While the year-over-year profit numbers do not show improvement due primarily to the factors discussed above, I’m very proud of what we accomplished this past year and extremely optimistic about our future,” Keister said.

 

He indicated that management is focusing on several key initiatives in fiscal 2006, including improving inventory turns, enhancing the fulfillment rate to our customers, improved gross margins and achieving a high, single-digit organic growth rate. “Our focus in fiscal 2006 is on expanding the business and significantly improving the company’s operating leverage. Further, we are now prepared as a Team to continue our growth through acquisitions,” Keister added.

 

He added that Keystone converted 61 locations to its new enterprise management systems during fiscal 2005. “With the exception of our acquisition in Maine and the company’s Canadian operations, all of our locations are now on a common system.
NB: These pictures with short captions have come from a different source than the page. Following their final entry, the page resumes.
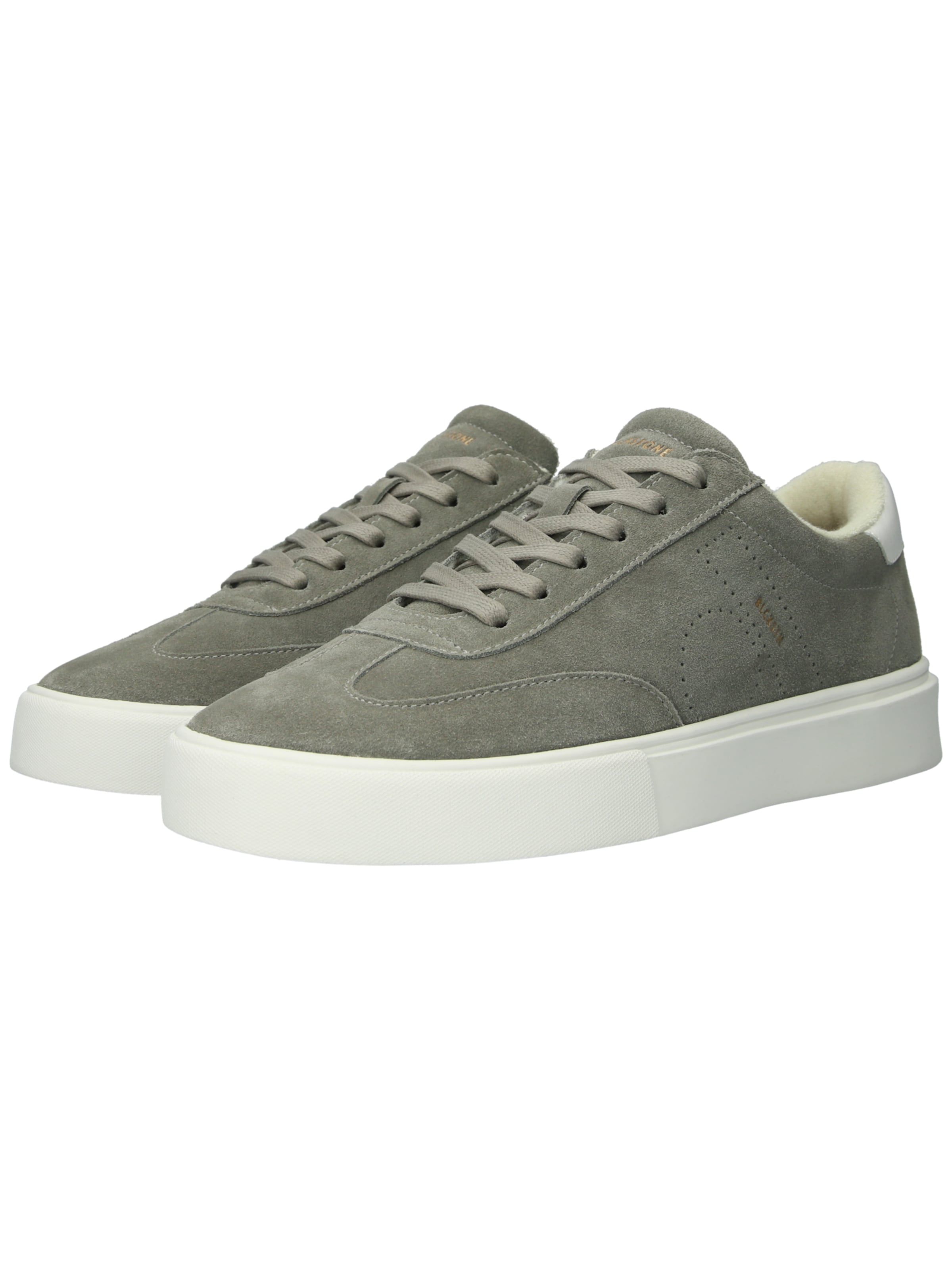 BLACKSTONE Låg sneaker 'Quartz Auden Perf' i grön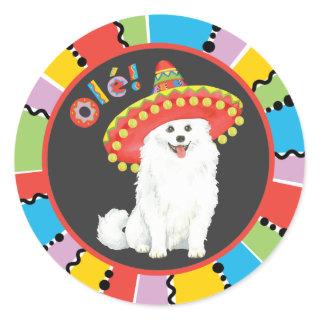 Fiesta American Eskimo Dog Classic Round Sticker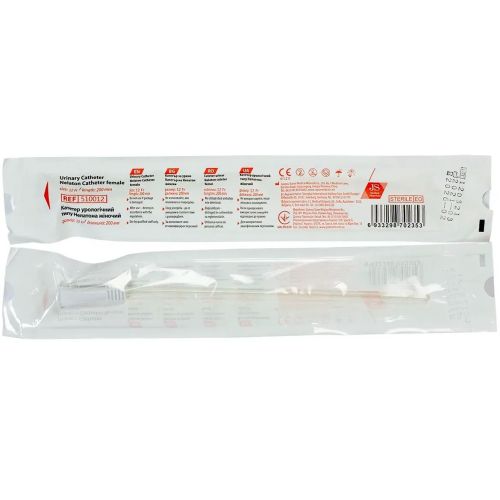 Катетер урологічний Нелатона жіночий №12JS ціна - фото №1 Катетер урологічний Нелатона жіночий №12JS ціна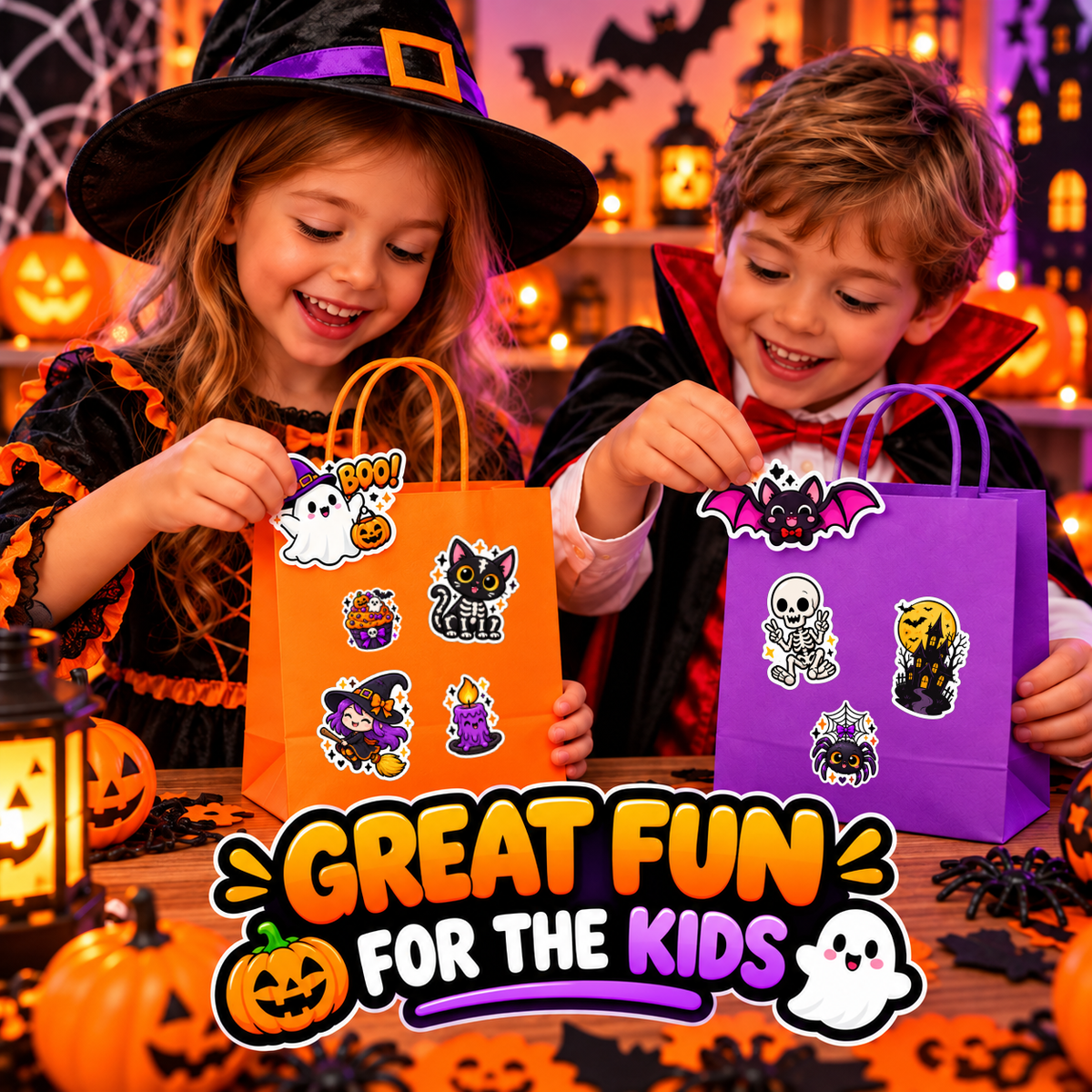 Halloween Funny Stickers Pack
We will continue to fine-tune and develop the system to maximize its utility. In addition, we are currently working on new IT initiatives which will add value to our business — including a B2B solution for the collision repair industry,” Keister noted.

 

Keister also noted that in April 2005, the Company began selling the headlights for the Ford Taurus and Pontiac Grand Am which it had discontinued selling in September 2004. “We have documented that these lights meet federal standards as tested by an independent laboratory also used by NHTSA. While several insurance companies continue to suspend the use of aftermarket lighting products, the lighting manufacturers and CAPA are working together to allow CAPA certification of the most popular lighting products. The Company is optimistic that CAPA certified lights will be introduced into the market place before the end of the current fiscal year and that insurance companies will again specify aftermarket lighting in the repair of vehicles,” Keister added.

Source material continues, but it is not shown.